I sat there with tears streaming down my face. I was alone the guy I was in love with was mad at me and my ex caused it. On top of that I was in jail when I did nothing wrong. Why was this happening to me? What did I ever do? I couldn't take this anymore I just couldn't. I needed out of this cell. I needed out of this life how much longer could I deal with the A thing? Now I think I may still be in love with Jason or was I ever in love with him? I'm so confused maybe Jason and I do have something but I'm in love with Ezra and I always will be. I couldn't deal with this anymore. All of this started when I met Alison. Why did I have to meet her? Couldn't see have just stayed out of my life? Look at where being friends with her go me- I'm in jail. I miss when things were simpler. I was brought out of my thoughts when my mom walked up.
"Hey how are you?" My mom asked with a weak smile on her face.
"Broken. Empty. Numb. I hate this! None of this would've happened if I wasn't ever friends with Ali!

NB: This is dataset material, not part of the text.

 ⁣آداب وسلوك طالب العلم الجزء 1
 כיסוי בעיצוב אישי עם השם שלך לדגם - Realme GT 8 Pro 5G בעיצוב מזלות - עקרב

I wouldn't know Jason, -A wouldn't be torturing me, I wouldn't of caught dad cheating first hand and then have to keep the secret for a year, I wouldn't ever have to be questioned by the cops, I could just be a normal teenage girl but no I had to get caught up with Alison DiLaurentis and deal with all of this." I said practically screaming, holding back tears.
"Look at me. Aria look at me. There are times that I think if you didn't know Alison everything would be better but it wouldn't. Your dad cheated and if you weren't friends with Ali the only thing that would be different is you wouldn't have known a year before I did. I know it was hard for you to keep the secret but at least you were somewhat prepared for the fallout when I found out. Mike had to watch his 'picture perfect' family fall apart without any warning. He had no clue there was even a problem but you did. Sure Jason cheated on you, broke your heart, and you had to keep it from your friends for a long time but it wasn't all bad right? There were things you enjoyed, if there wasn't you guys wouldn't have been together. Plus now you have Ezra and while I'm okay with you guys dating he still was your teacher so it's a little weird. But you love him and I could tell he made you forget about Jason. As for –A torturing you were handing it. Look if you weren't friends with Ali you wouldn't be friends with Hanna, Spencer, or Emily. So think about that." Ella said the words that Aria had to fight out of her head because she just wanted to blame Ali but she couldn't do that.
"Ella we can go they're letting her out." Ashley said as she walked up to the cell. "They were wrong it just came up with a different IP address."
"Really who?!" Aria asked with her hands clutched on the bars.
"Paige MCcullers." Ashley declared.
"What?!" Emily screamed walking up to Aria's cell clearly startled by the news.